Source data |
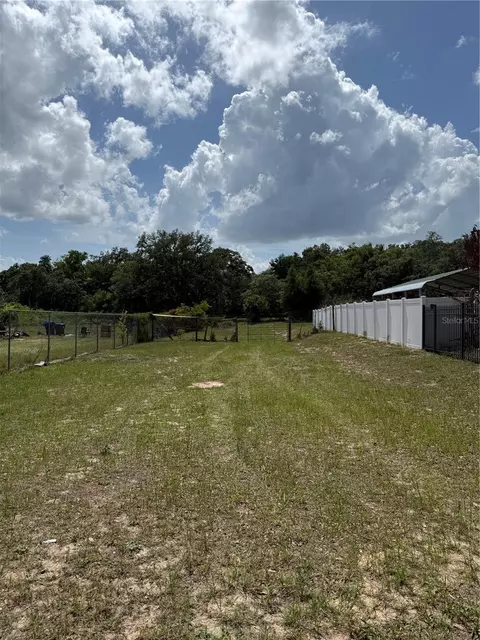 Enka Way, Orlando, FL 32818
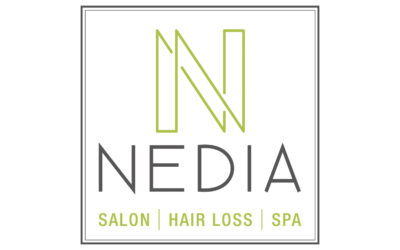Nedia Hair Loss Salon & Spa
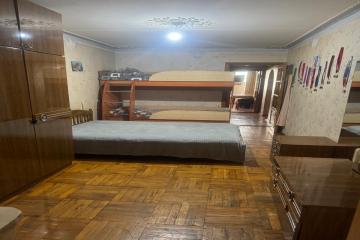 Фото №4: 3-комнатная квартира 65 м² - Краснодар, мкр. Славянский, ул. Анапская, 24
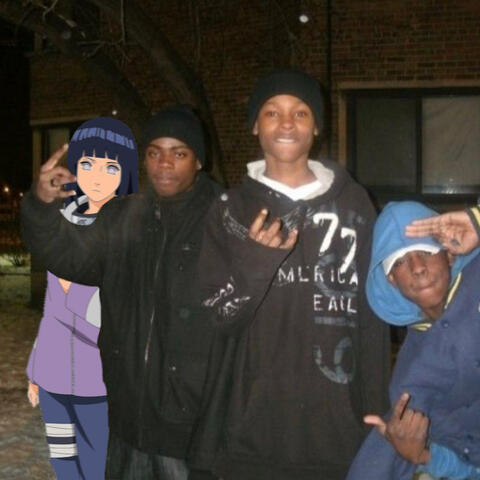 who got shot ????!!!!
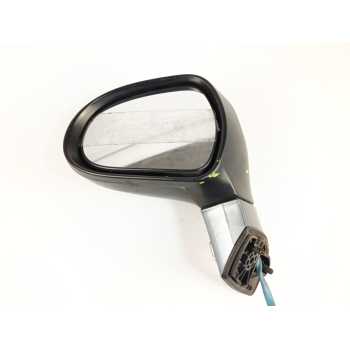 RETROVISOR IZQUIERDO 8153NE 8153NG 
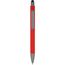 Kugelschreiber Madeira Stylus R-ABS (Art.-Nr. CA815267)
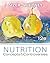 Nutrition by Frances Sizer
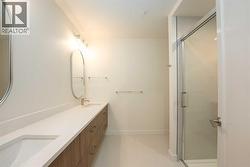 Primary Ensuite - 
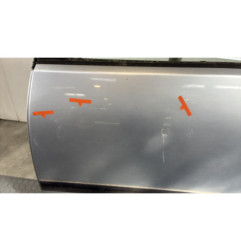 Porte arriere gauche VOLKSWAGEN POLO 4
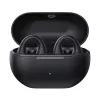 Baseus Bass 15 Clip Open Ear Headset True Wireless Stereo (TWS) In-Ear Calls/Music Bluetooth Schwarz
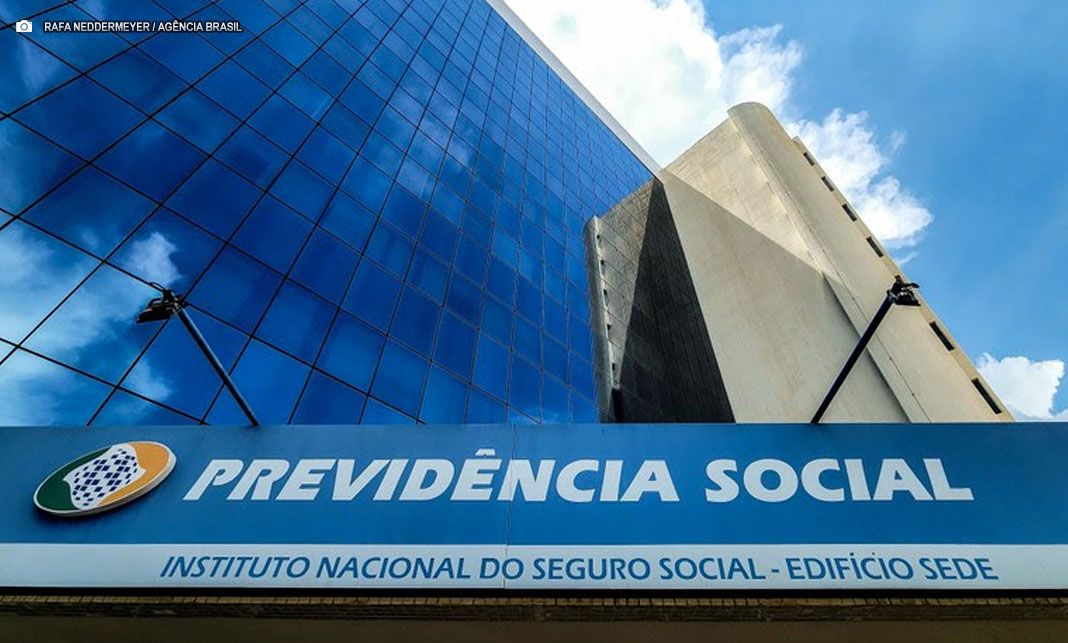 INSS estende prazo para contestações de descontos indevidos em benefícios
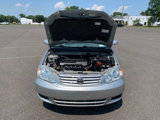 Used 2003 Toyota Corolla LE image 2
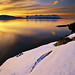 Mark Henriksen Photo 15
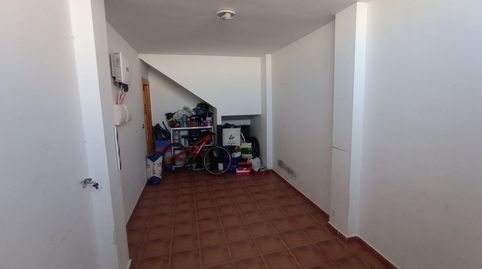 Foto 4 de Casa adosada en venta en Calle Cerezo, 206, Loja, Granada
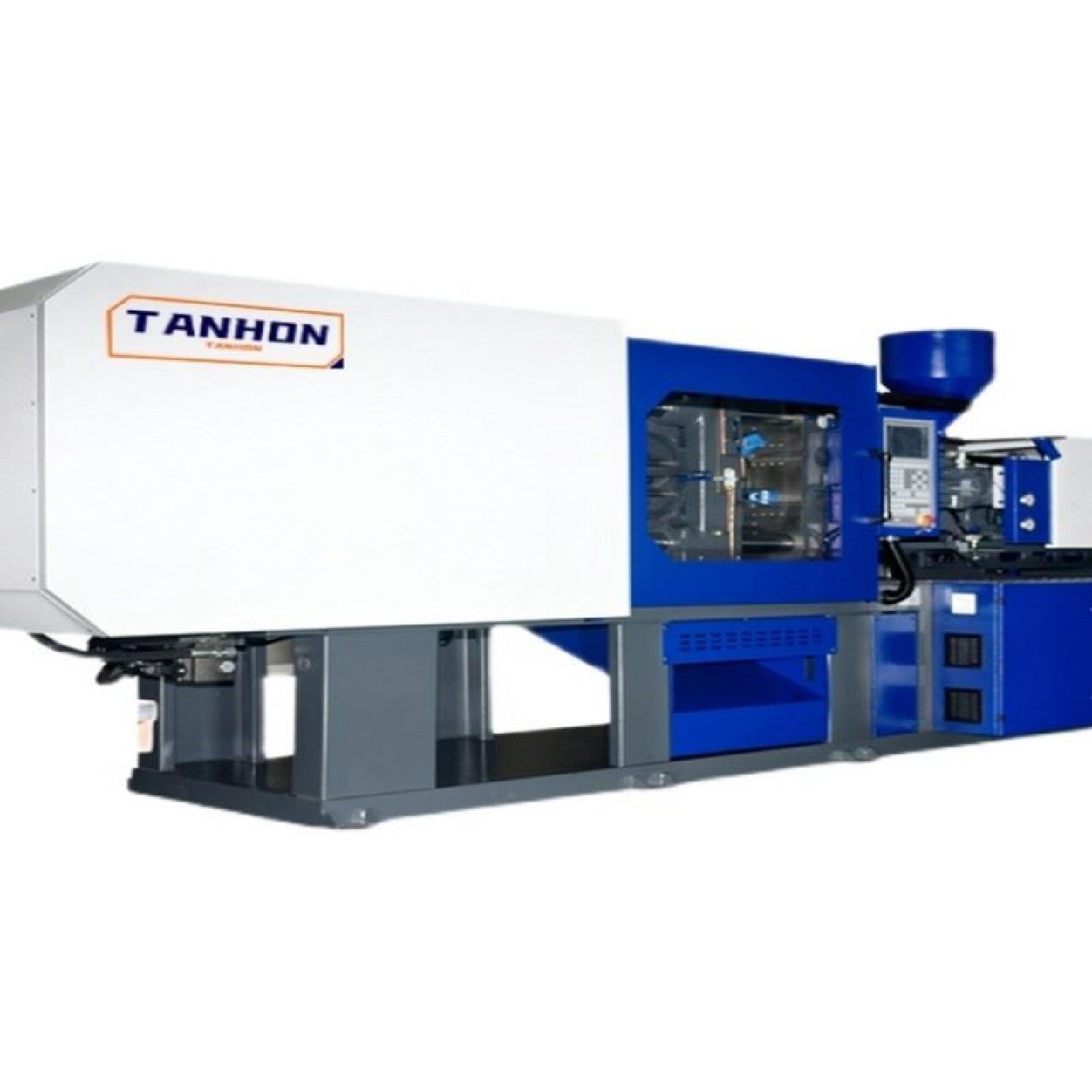 小型注塑机PEEK金属粉末陶瓷小型桌面注塑机尼龙高温料注塑机自动,五金/工具,注塑机,淘宝优惠券,粉丝福利购,淘宝优惠卷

To do | The records above must be copied exactly, with no pictures carried over.

Answer for this exercise |
 Enka Way, Orlando, FL 32818
Nedia Hair Loss Salon & Spa
 Фото №4: 3-комнатная квартира 65 м² - Краснодар, мкр. Славянский, ул. Анапская, 24
 who got shot ????!!!!
 RETROVISOR IZQUIERDO 8153NE 8153NG 
 Kugelschreiber Madeira Stylus R-ABS (Art.-Nr. CA815267)
 Nutrition by Frances Sizer
 Primary Ensuite - 
 Porte arriere gauche VOLKSWAGEN POLO 4
 Baseus Bass 15 Clip Open Ear Headset True Wireless Stereo (TWS) In-Ear Calls/Music Bluetooth Schwarz
 INSS estende prazo para contestações de descontos indevidos em benefícios
 Used 2003 Toyota Corolla LE image 2
 Mark Henriksen Photo 15
 Foto 4 de Casa adosada en venta en Calle Cerezo, 206, Loja, Granada
 小型注塑机PEEK金属粉末陶瓷小型桌面注塑机尼龙高温料注塑机自动,五金/工具,注塑机,淘宝优惠券,粉丝福利购,淘宝优惠卷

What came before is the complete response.